From the listing below, reproduce exactly the lines starting with the one with "Two Buoys Yacht" and going on through the one with "Person wearing gold", both ends kept. No picture is copied.

*** Data for analysis Section Begins ***

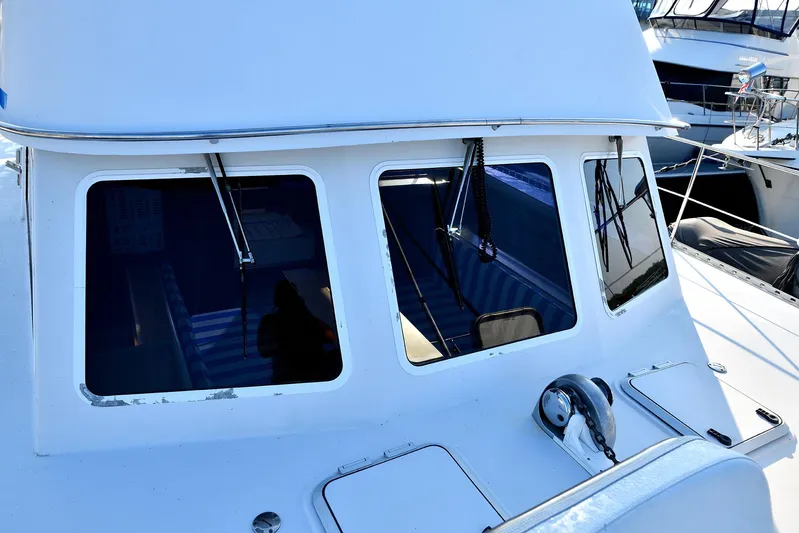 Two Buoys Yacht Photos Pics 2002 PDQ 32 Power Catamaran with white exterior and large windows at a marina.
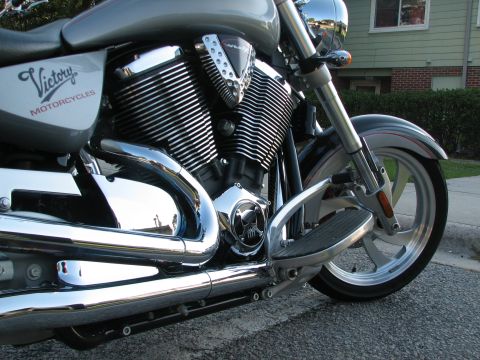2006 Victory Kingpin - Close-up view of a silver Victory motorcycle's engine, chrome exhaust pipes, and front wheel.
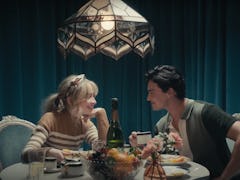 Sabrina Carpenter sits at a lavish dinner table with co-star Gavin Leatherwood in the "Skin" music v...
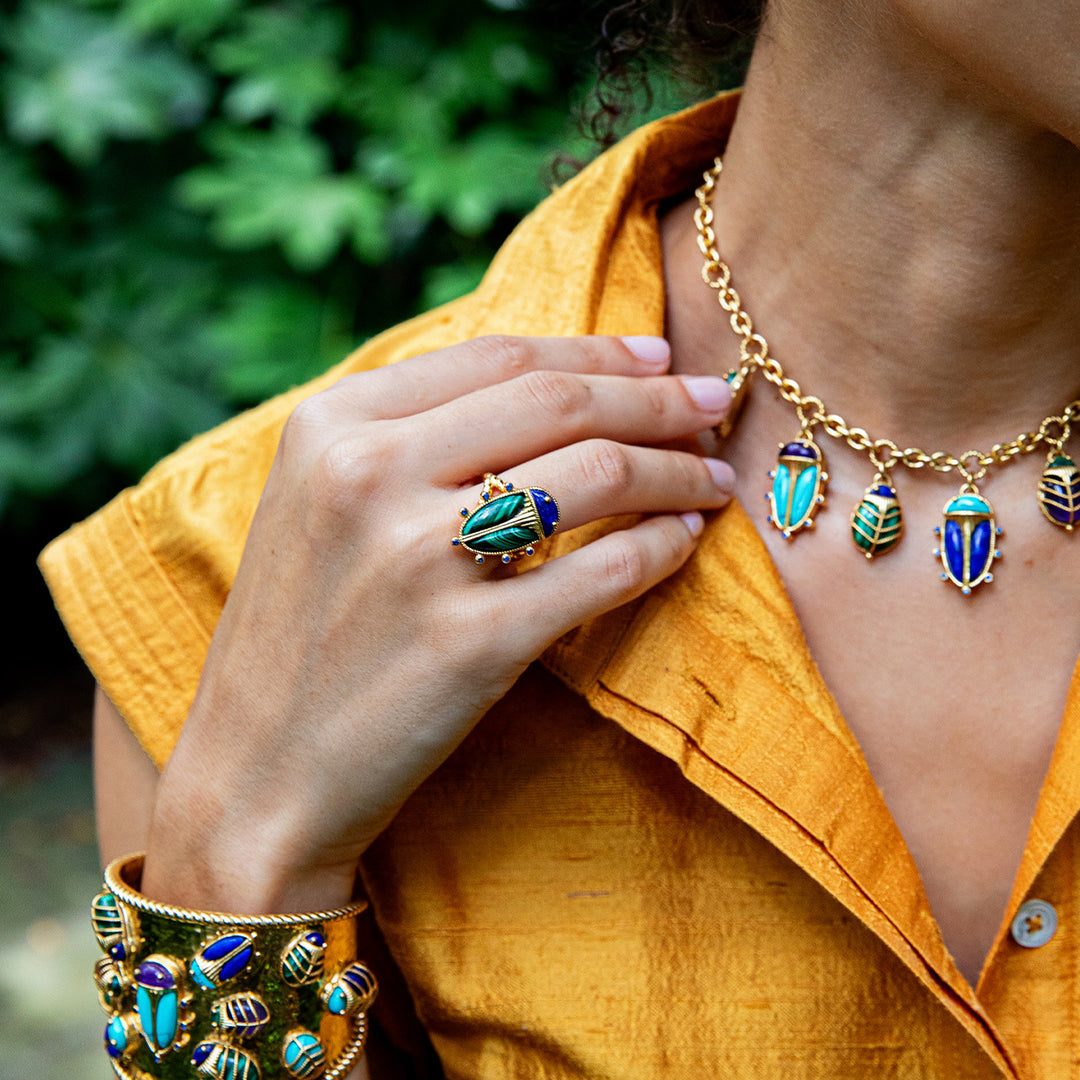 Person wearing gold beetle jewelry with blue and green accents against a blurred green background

*** Data for analysis Section Ends ***
*** Data for analysis Section Begins ***

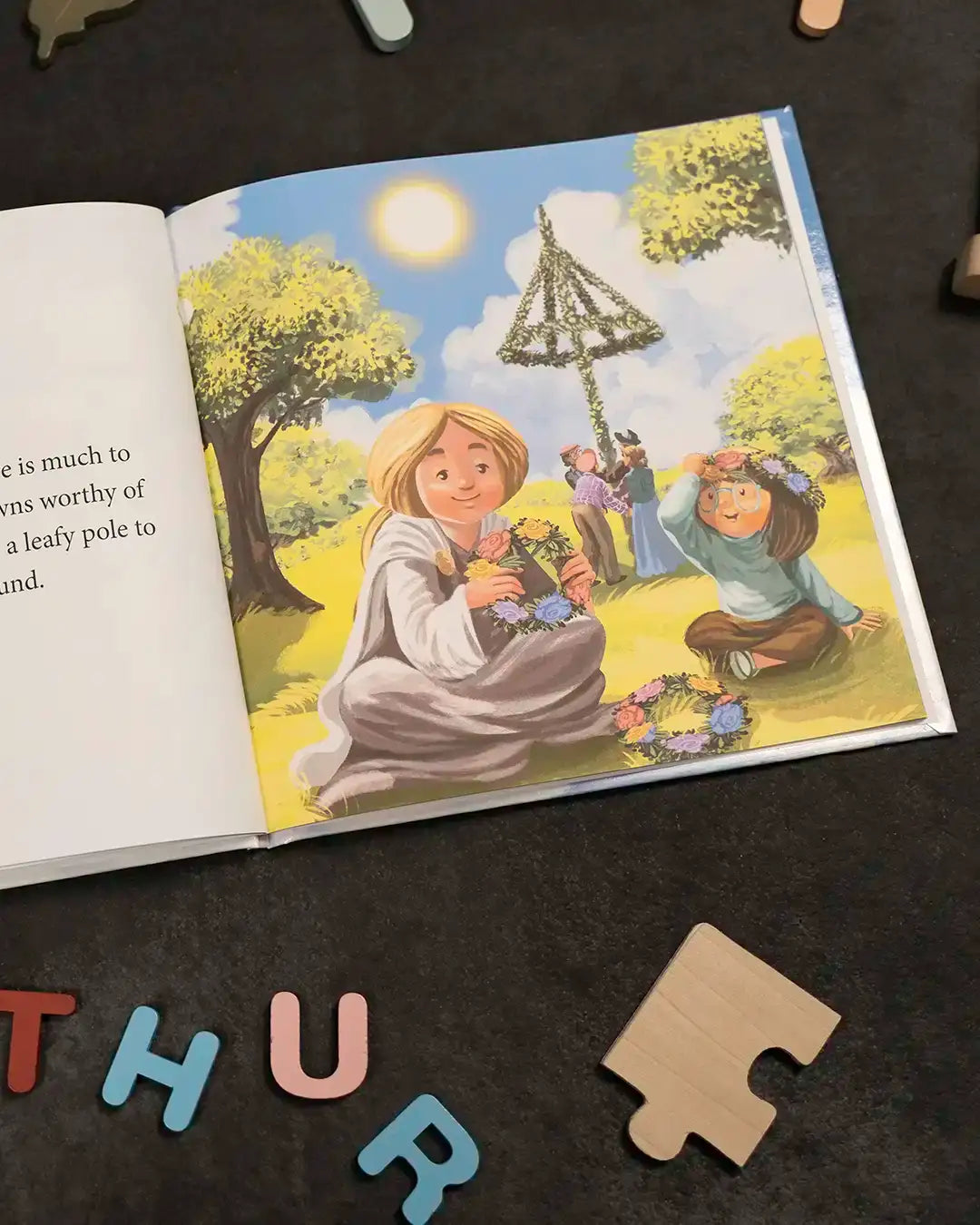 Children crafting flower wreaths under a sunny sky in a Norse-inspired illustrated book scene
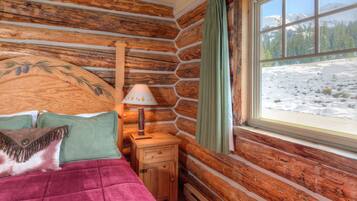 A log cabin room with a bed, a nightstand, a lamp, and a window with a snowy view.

*** Data for analysis Section Ends ***

#### Output of the task
 Two Buoys Yacht Photos Pics 2002 PDQ 32 Power Catamaran with white exterior and large windows at a marina.
2006 Victory Kingpin - Close-up view of a silver Victory motorcycle's engine, chrome exhaust pipes, and front wheel.
 Sabrina Carpenter sits at a lavish dinner table with co-star Gavin Leatherwood in the "Skin" music v...
 Person wearing gold beetle jewelry with blue and green accents against a blurred green background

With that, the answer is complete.